PROBLEM DETAILS:
Every picture is to be removed, and all the data is to be copied exactly.
════════
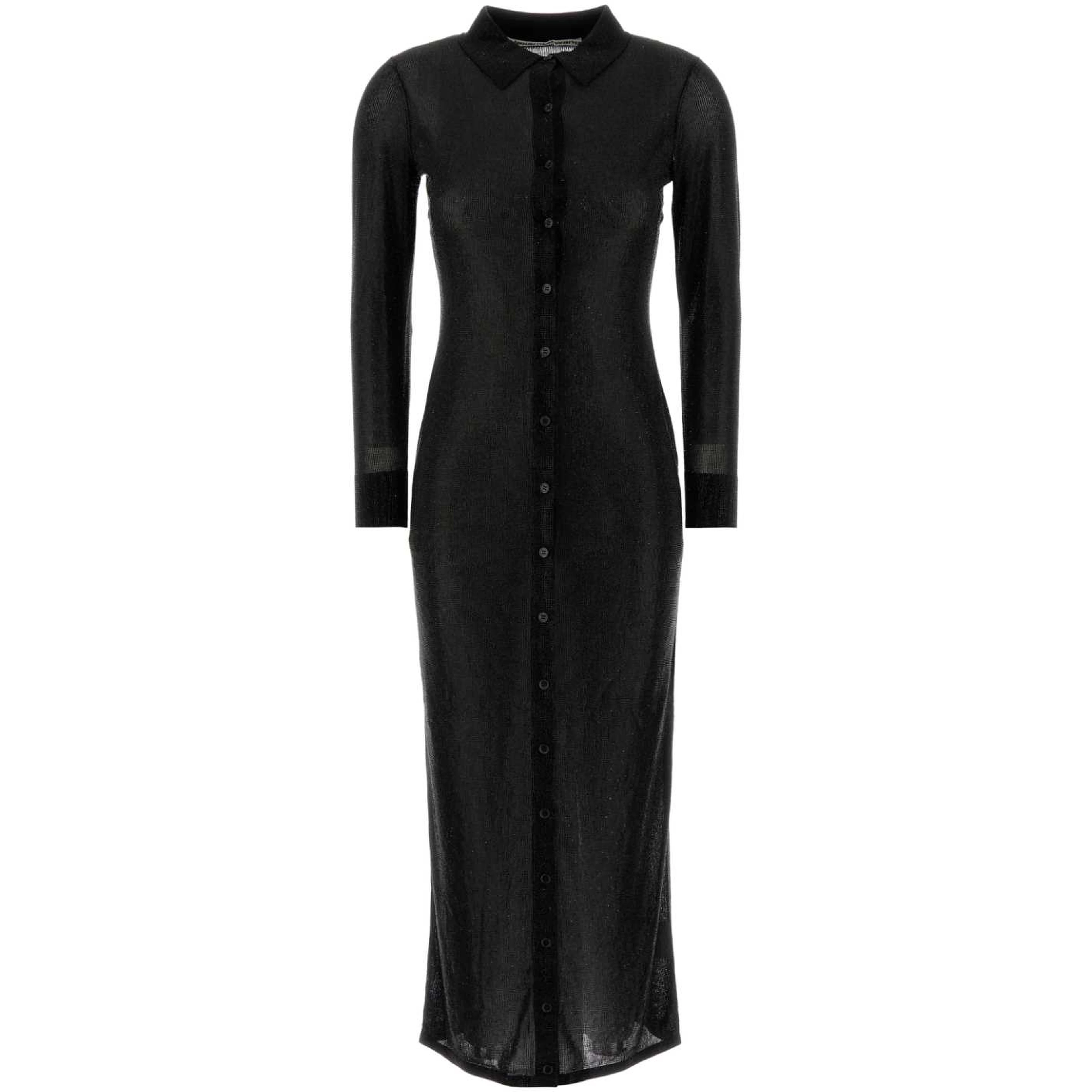 LS POLO FULL LENGTH DRESS W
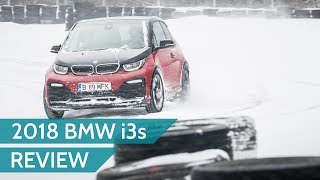 2018 BMW i3s review in a snow blizzard [upl. by Remoh]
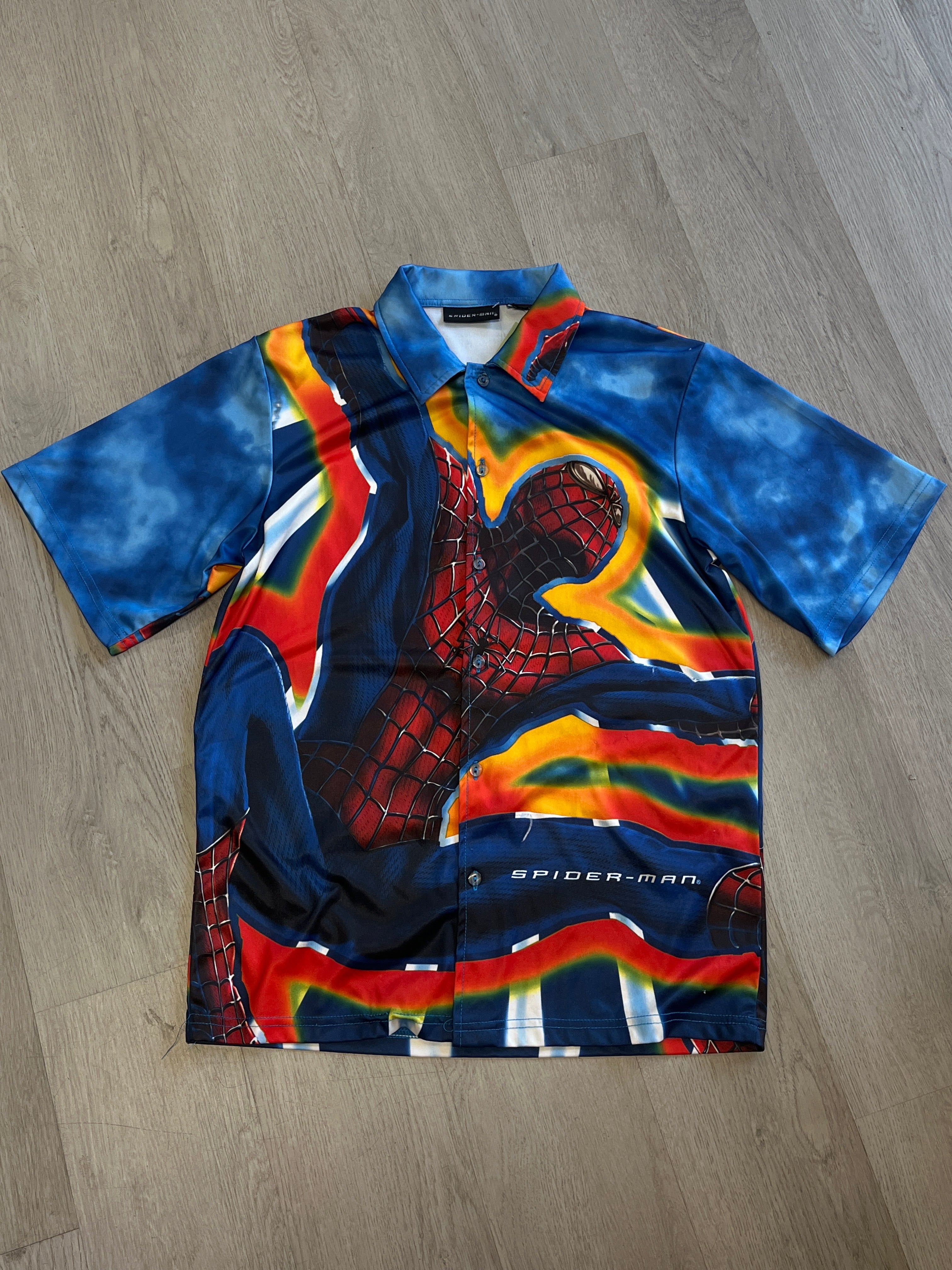 Vintage Spider-Man AOP Button Up Shirt
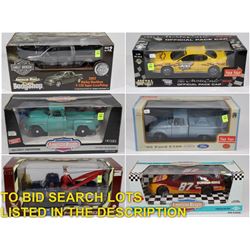 FEATURED: DIE CAST CARS AND TRUCKS
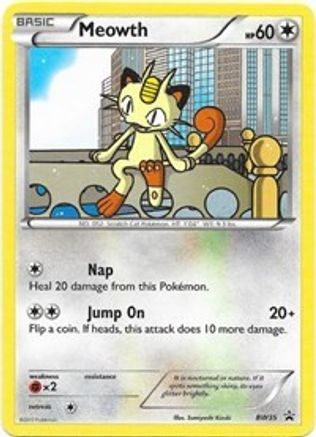 Meowth (BW35) [Black & White: Black Star Promos] Holofoil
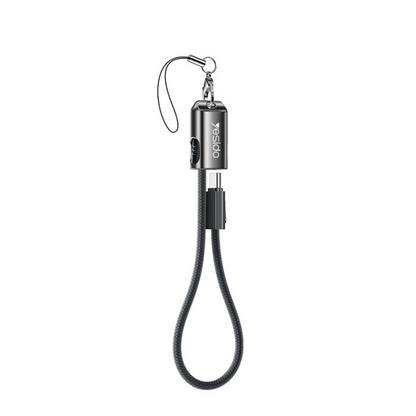 20CM 60W Type-C To Type-C OD4.0 Design With Premium Chips Zinc Alloy Portable Strip Data Cable
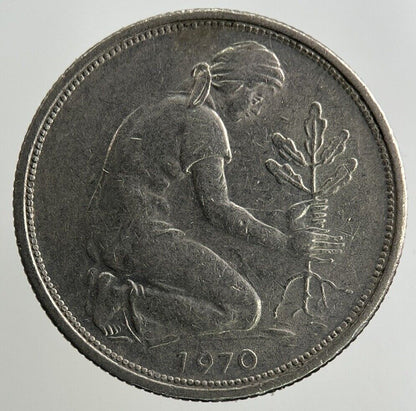 1970 Germany 50 Pfennig Coin | Fine Collectable Grade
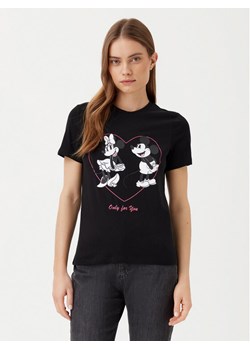 ONLY T-Shirt Mickey 15317991 Czarny Regular Fit ze sklepu MODIVO w kategorii Bluzki damskie - zdjęcie 182661269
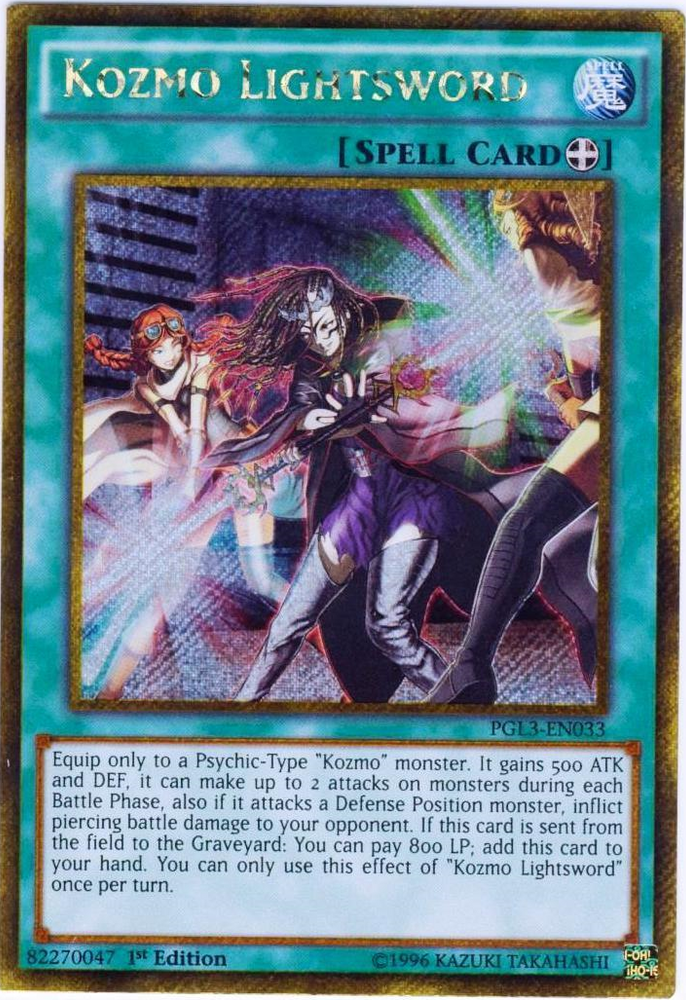 Kozmo Lightsword [PGL3-EN033] Gold Secret Rare Yu-Gi-Oh!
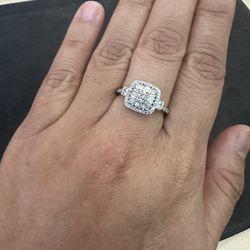 Diamond Vintage-Inspired Ring (1/2 ct. t.w.) in 14k White Gold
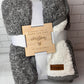 Comfy UGG Blanket with Wooden Gift Tag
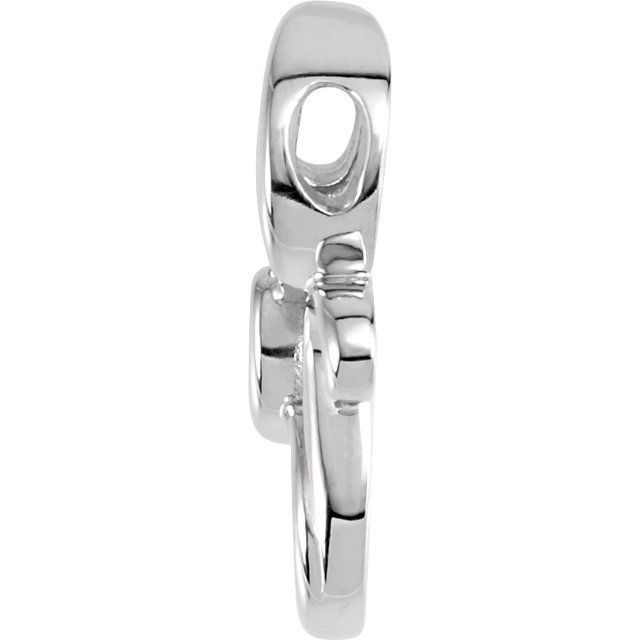 14k White Freeform Pendant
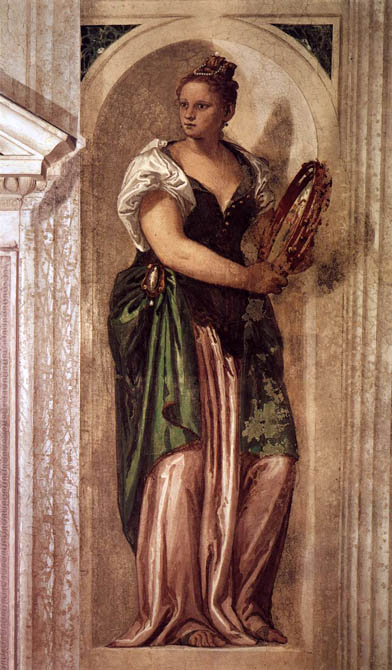 Muse with Tambourine:  1560-61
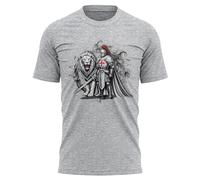 England Knight & Lion Mens T Shirt - St Georges Cross Design - English Pride Tee for Him - British Heritage Top - Patriotic Great Britain Gift, s, Sport Grey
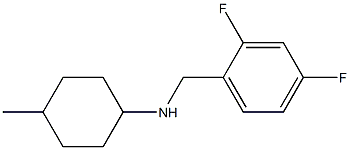 N-[(2,4-difluorophenyl)methyl]-4-methylcyclohexan-1-amine Struktur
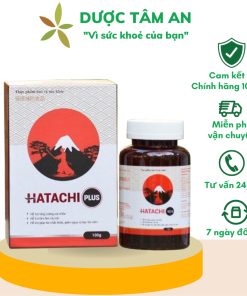 HATACHI Plus - Viên Uống Giúp Giảm Nguy Cơ Bạc Tóc Sớm - Alika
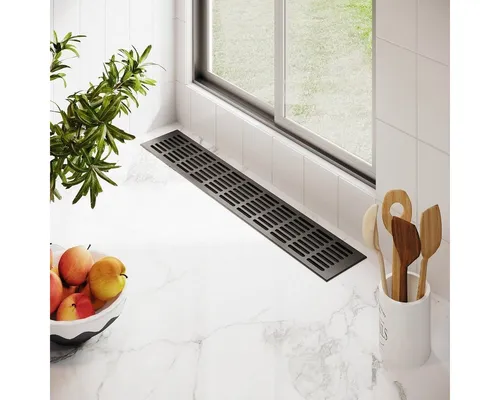 MS Beschläge Lüftungsgitter Alu 100 x 1200 mm RAL 7016 Anthrazit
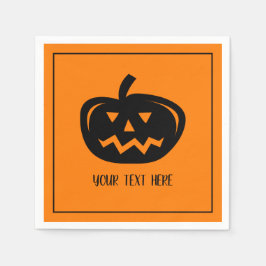 Guardanapos de festas de Halloween com esculpiment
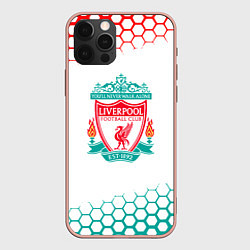 Чехол для iPhone 12 Pro Max Liverpool соты, цвет: 3D-светло-розовый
════════
EXPECTED ANSWER:
 LS POLO FULL LENGTH DRESS W
 2018 BMW i3s review in a snow blizzard [upl. by Remoh]
 Vintage Spider-Man AOP Button Up Shirt
 FEATURED: DIE CAST CARS AND TRUCKS
 Meowth (BW35) [Black & White: Black Star Promos] Holofoil
 20CM 60W Type-C To Type-C OD4.0 Design With Premium Chips Zinc Alloy Portable Strip Data Cable
 1970 Germany 50 Pfennig Coin | Fine Collectable Grade
 ONLY T-Shirt Mickey 15317991 Czarny Regular Fit ze sklepu MODIVO w kategorii Bluzki damskie - zdjęcie 182661269
 Kozmo Lightsword [PGL3-EN033] Gold Secret Rare Yu-Gi-Oh!
 Diamond Vintage-Inspired Ring (1/2 ct. t.w.) in 14k White Gold
 Comfy UGG Blanket with Wooden Gift Tag
 14k White Freeform Pendant
 Muse with Tambourine:  1560-61
 England Knight & Lion Mens T Shirt - St Georges Cross Design - English Pride Tee for Him - British Heritage Top - Patriotic Great Britain Gift, s, Sport Grey
 N-[(2,4-difluorophenyl)methyl]-4-methylcyclohexan-1-amine Struktur
 HATACHI Plus - Viên Uống Giúp Giảm Nguy Cơ Bạc Tóc Sớm - Alika
 MS Beschläge Lüftungsgitter Alu 100 x 1200 mm RAL 7016 Anthrazit
 Guardanapos de festas de Halloween com esculpiment
 Чехол для iPhone 12 Pro Max Liverpool соты, цвет: 3D-светло-розовый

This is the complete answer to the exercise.